NCT ID: NCT00725764 Completed - Clinical trials for Neoplasms, Head and Neck

Phase 2 Study of GSK1363089 (Formerly XL880) in Adults With Squamous Cell Cancer of the Head and Neck

Start date: August 27, 2007
Phase: Phase 2
Study type: Interventional

This study is being conducted to determine the best confirmed response rate, safety, and tolerability of GSK1363089 treatment in adult subjects with squamous cell carcinoma of the head and neck (SCCHN). GSK1363089 is a new chemical entity that inhibits multiple receptor tyrosine kinases (RTKs) with growth-promoting and angiogenic properties. The primary targets of GSK1363089 are the HGF and vascular endothelial growth factor (VEGF) RTK families (eg, MET, VEGFR2/kinase insert domain receptor [KDR]). Since MET overexpression has been associated with poorer prognosis and MET tyrosine kinase mutations have been reported in SCCHN, inhibition of MET receptor and VEGFR2/KDR activation by agents such as GSK1363089 may be of therapeutic benefit in this patient population.

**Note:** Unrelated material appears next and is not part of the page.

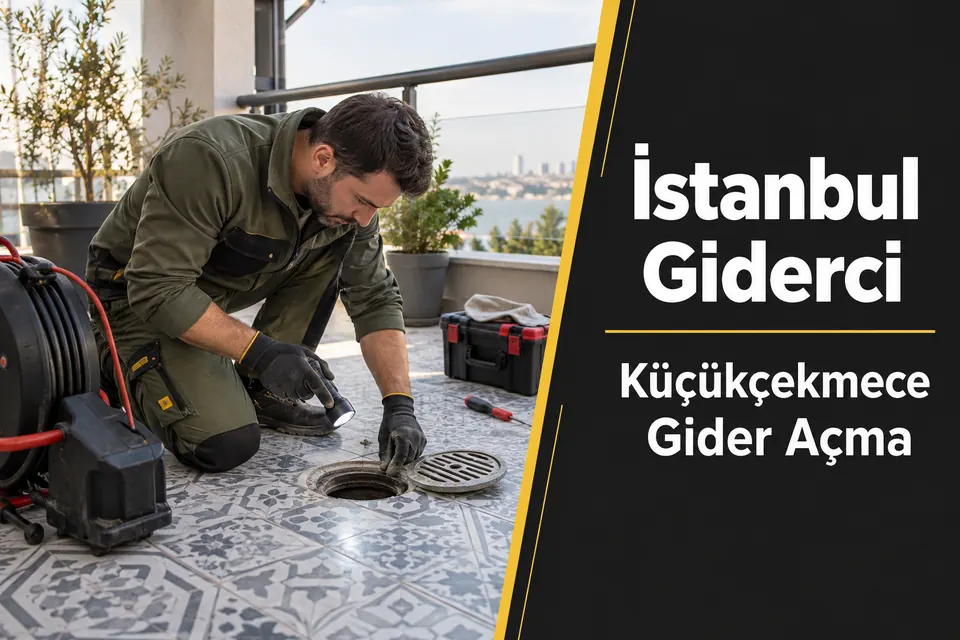 İstanbul Küçükçekmece gider açma hizmet görseli İstanbul Küçükçekmece gider açma — balkon süzgeci çıkışının kontrolü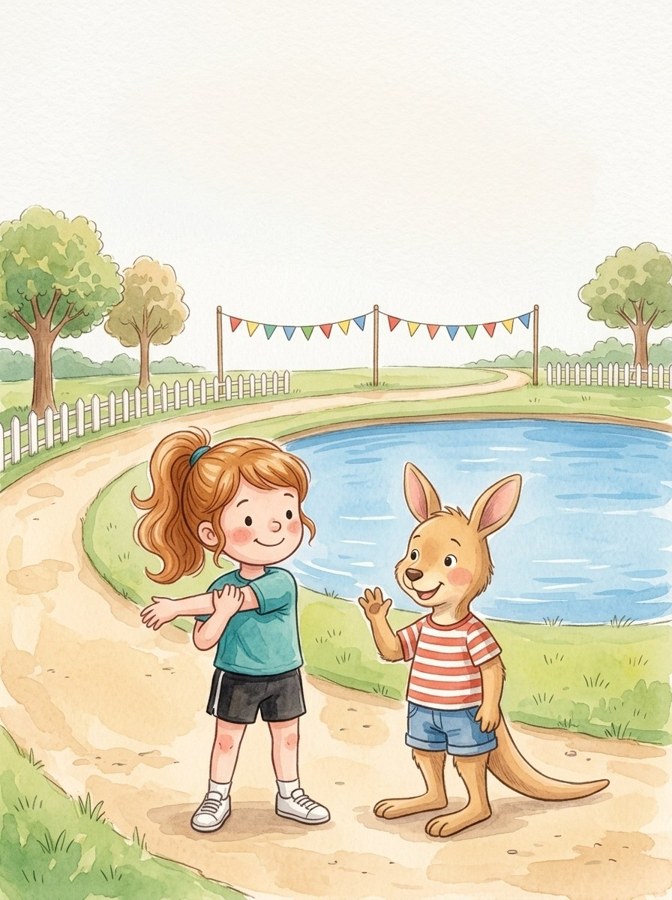Shelly's Big Race illustrated mini-book cover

NCT ID: NCT00424255 Completed - Clinical trials for Neoplasms, Head and Neck

Study Of Adjuvant Lapatinib In High-Risk Head And Neck Cancer Subjects After Surgery

Start date: December 2006
Phase: Phase 3
Study type: Interventional

This is a randomised, double-blind, placebo-controlled, multicentre, global Phase III trial comparing the efficacy of adjuvant oral lapatinib versus placebo in high-risk subjects with head and neck cancer following surgery. Lapatinib or placebo will be administered post-operatively in combination with chemoradiotherapy followed by maintenance with lapatinib or placebo for 1 year. The primary goal is to determine if lapatinib is effective at reducing the recurrence of the disease in these high-risk patients.

NCT ID: NCT00387127 Completed - Clinical trials for Neoplasms, Head and Neck

Lapatinib Versus Placebo Given Concurrently With Cisplatin And Radiotherapy In Patients With Unresected Head And Neck Cancer

Start date: November 2006
Phase: Phase 2
Study type: Interventional

This is a phase II study comparing the effects of lapatinib versus placebo when administered concurrently with cisplatin and radiotherapy followed by 1 year monotherapy with lapatinib or placebo. The study is designed to evaluate and compare the two treatment groups with respect to complete response rate at 6 months following chemoradiation completion.